**Your assignment**
Nothing but an exact copy is asked for: the lines in the material below from the one with "Etiqueta de Pegatina" through the one with "China Sustainable Stainless", pictures excluded.

**Dataset excerpts**
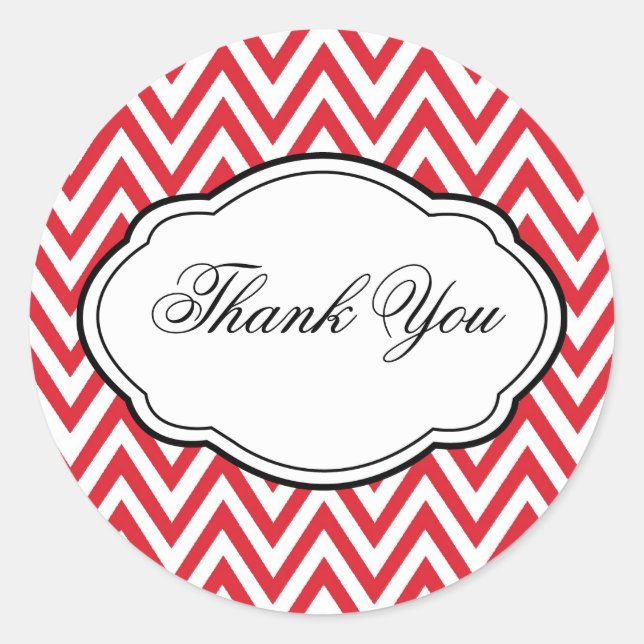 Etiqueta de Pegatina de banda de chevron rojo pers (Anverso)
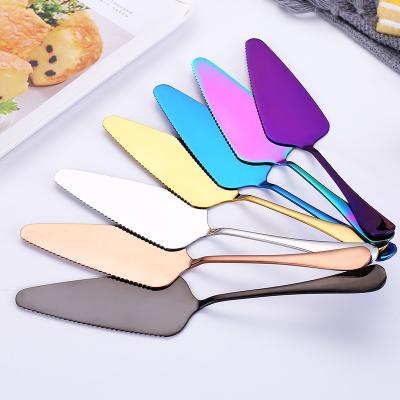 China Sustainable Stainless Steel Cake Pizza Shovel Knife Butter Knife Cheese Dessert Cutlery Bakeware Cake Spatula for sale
* * *
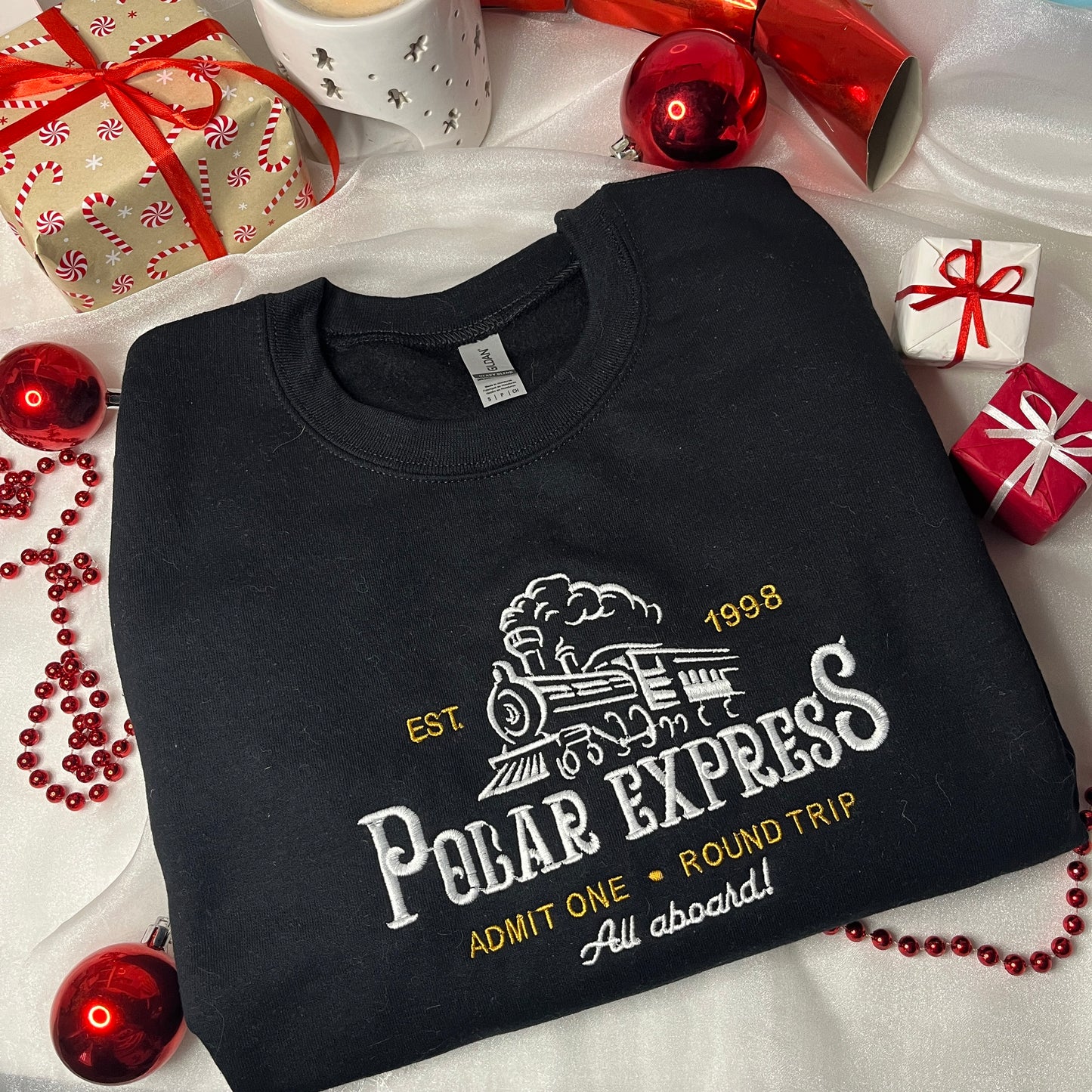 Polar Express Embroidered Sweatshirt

**Task answer**
 Etiqueta de Pegatina de banda de chevron rojo pers (Anverso)
 China Sustainable Stainless Steel Cake Pizza Shovel Knife Butter Knife Cheese Dessert Cutlery Bakeware Cake Spatula for sale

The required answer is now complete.